07 Oct 2012, Vipul Murarka, BioSpectrum
Singapore: In July 2012, Life Technologies signed a collaborative partnership with the Structural Genomics Consortium (SGC) to generate the first-ever master set of quality epigenetic recombinant antibodies for use in disease-related research. The first 58 of the 200 highly-specific antibodies to be designed are now available to the community.
The recombinant antibodies are being developed by Life Technologies in partnership with the SGC, which comprises a network of more than 200 scientists from the University of Toronto and Oxford University, with scientists at the Universities of Toronto, Chicago, and Braunschweig, as well as six pharmaceutical companies including AbbVie, Eli Lilly, GSK, Novartis, Pfizer and Takeda. As renewable recombinant antibodies, they are expected to perform consistently from one lot to the next.
Epigenetics is an emerging field of research with a high potential for discovery of therapies in challenging disease areas such as cancer and inflammation, and is increasingly becoming the focus of pharmaceutical research programs interested in exploring this untapped field for drug discovery. The availability of high-quality tools for research in epigenetics, such as Life Technologies antibodies, will enable the scientists to explore this new layer of biology, pushing the boundaries of our understanding in human biological mechanisms and the biology of disease, in addition to facilitating the discovery of novel therapeutic targets.

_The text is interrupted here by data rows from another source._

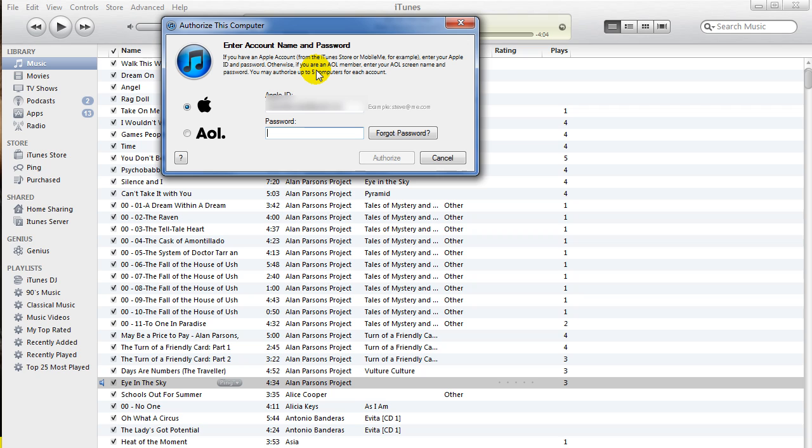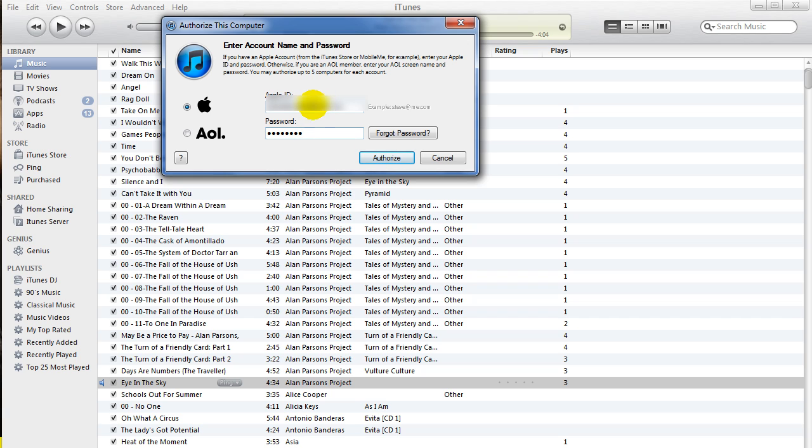If you've not created an iTunes store account, you'll have to do that before you can authorize it. You need the Apple ID and the password. Once you put in the password - and I've already authorized my computer, so I can't exactly do it again - you can click authorize, and if the password and Apple ID match up, then your computer will be good to go.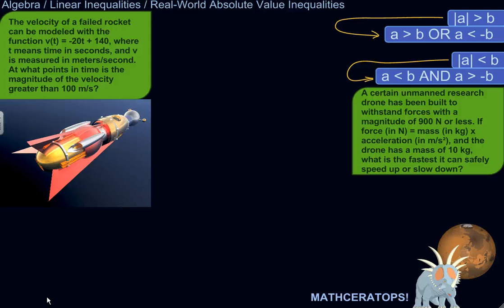We're going to try a couple of real-world, or maybe semi-real-world, absolute value inequalities. I'll give you an idea of the kinds of situations which could be modeled, or the kinds of questions which could be answered by absolute value inequality type problems.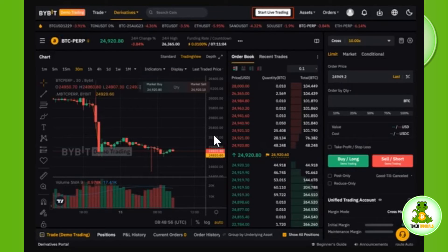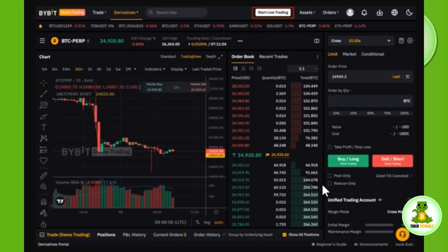Then press Start Trading. Once done, your demo account will be started and you can use it to trade on Bybit before using your actual money in trading. If the video was helpful, don't forget to like the video and subscribe to the channel. Thank you so much for watching.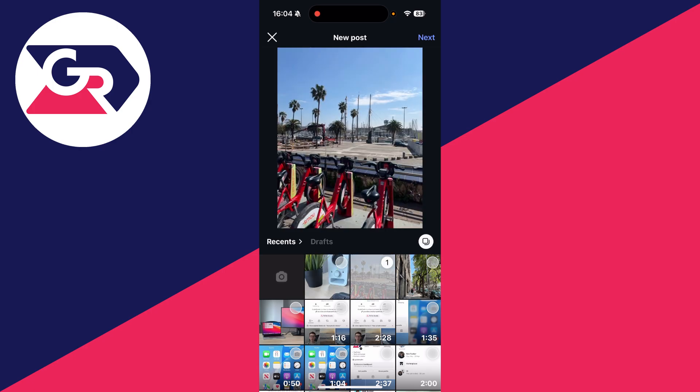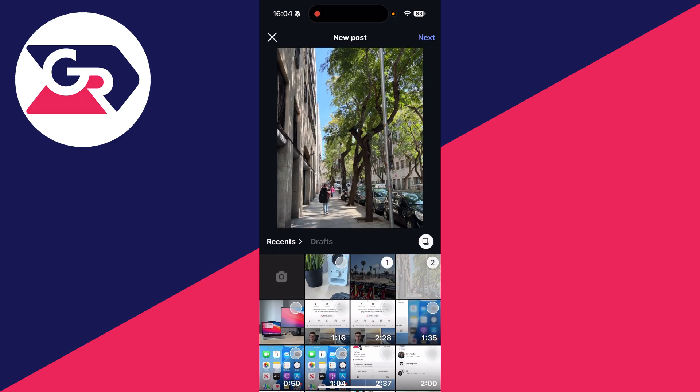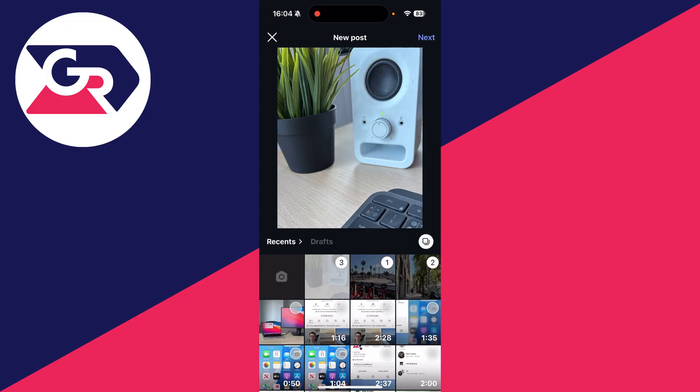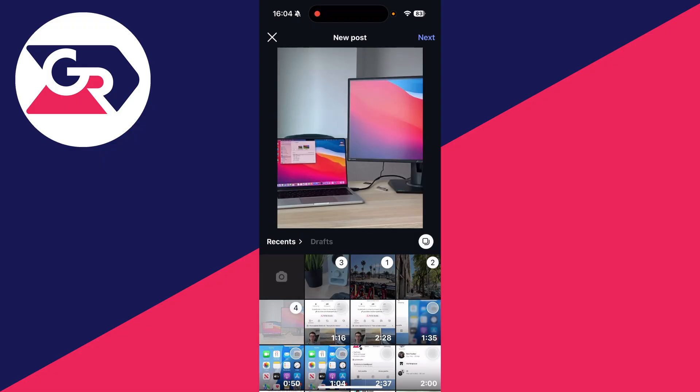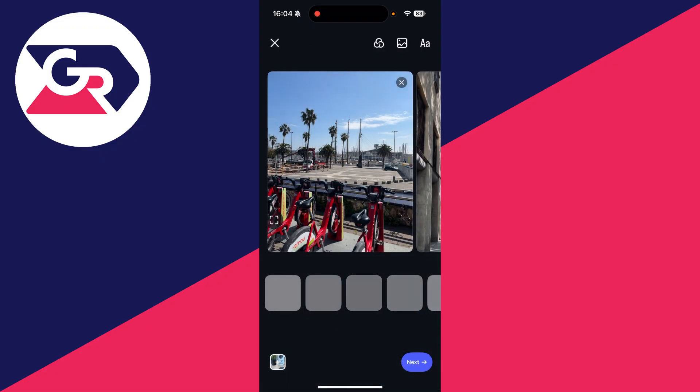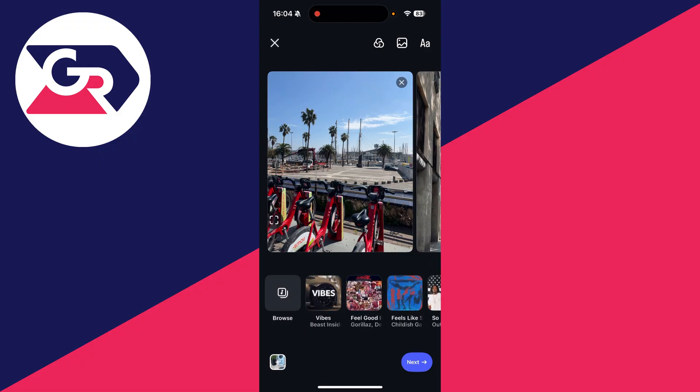Start selecting the photos in the order you want them to appear. You can add videos as well. Once you've got them selected, press 'Next' in the top right. You can then add music, and in the top right you can add filters, more photos, and text.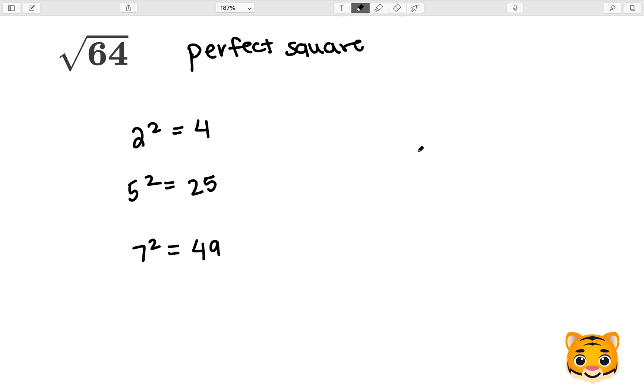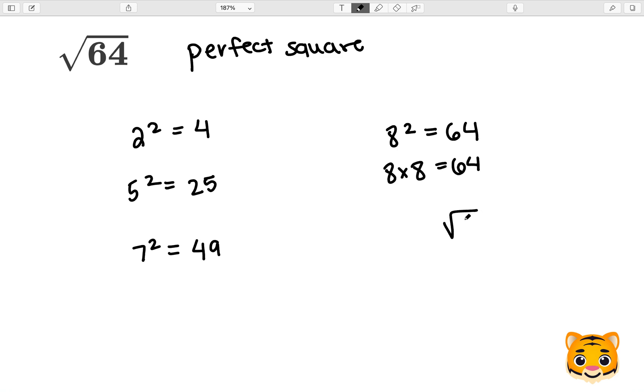To find the value of 64, we can multiply 8 squared, which gives us 64. This means that 8 times 8 equals 64. So the square root of 64 will equal 8.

Additionally, there are many reasons why these specific antibodies are important. Many of the human epigenetic proteins do not have renewable antibodies available on the market. Therefore, these antibodies will allow the scientists to explore new systems and mechanisms. Also, the antibodies are consistent in their performance. Customers purchasing these antibodies will not be taking a risk. The antibodies are 'renewable', meaning that they will be identical in performance from one lot to the next- a significant improvement over existing antibodies on the market.
Furthermore, the antibodies will be validated for some of the research methodologies and applications that they are intended for. Again this lowers the risk for customers purchasing this product. Moreover, as recombinant antibodies, the exact sequence is known. This makes the antibodies easier to modify for research purposes.
Dr Aled Edwards, CEO and director, SGC, said that "The agreement between SGC and Life Technologies demonstrates our mutual commitment to disseminating our inventions, technologies and reagents to the wider community in partnership with leaders in industry for the research and distribution."
The collaboration will produce both Fabs and IgGs towards the epigenetic targets. While the majority of researchers have been using IgGs, Fabs are gaining acceptance among scientists because they are simpler to manipulate for research purposes, for example for attachment of tags. They are also easier to produce.
Talking about the challenges at the moment for producing antibodies, Dr Susanne Gräslund, project coordinator and biotechnology principal investigator, SGC, pointed out that "Validation of the antibodies is always challenging, especially when attempting to validate them for research applications that require different antibody properties. Another general problem is that antibodies in production can perform differently from batch-to-batch, and therefore reproducibility of research results is not great. With the SGC-Life Technologies antibodies, we produce recombinant antibodies that will be consistent in their properties."
"Validation data and community reviews of the new antibodies may be found on 1DegreeBio.org. The release of these epigenetics-targeted antibodies coincides with the launch of 1DegreeBio's new Epigenetics Portal, where epigenetics researchers can find targets, tools and product data specific to their research."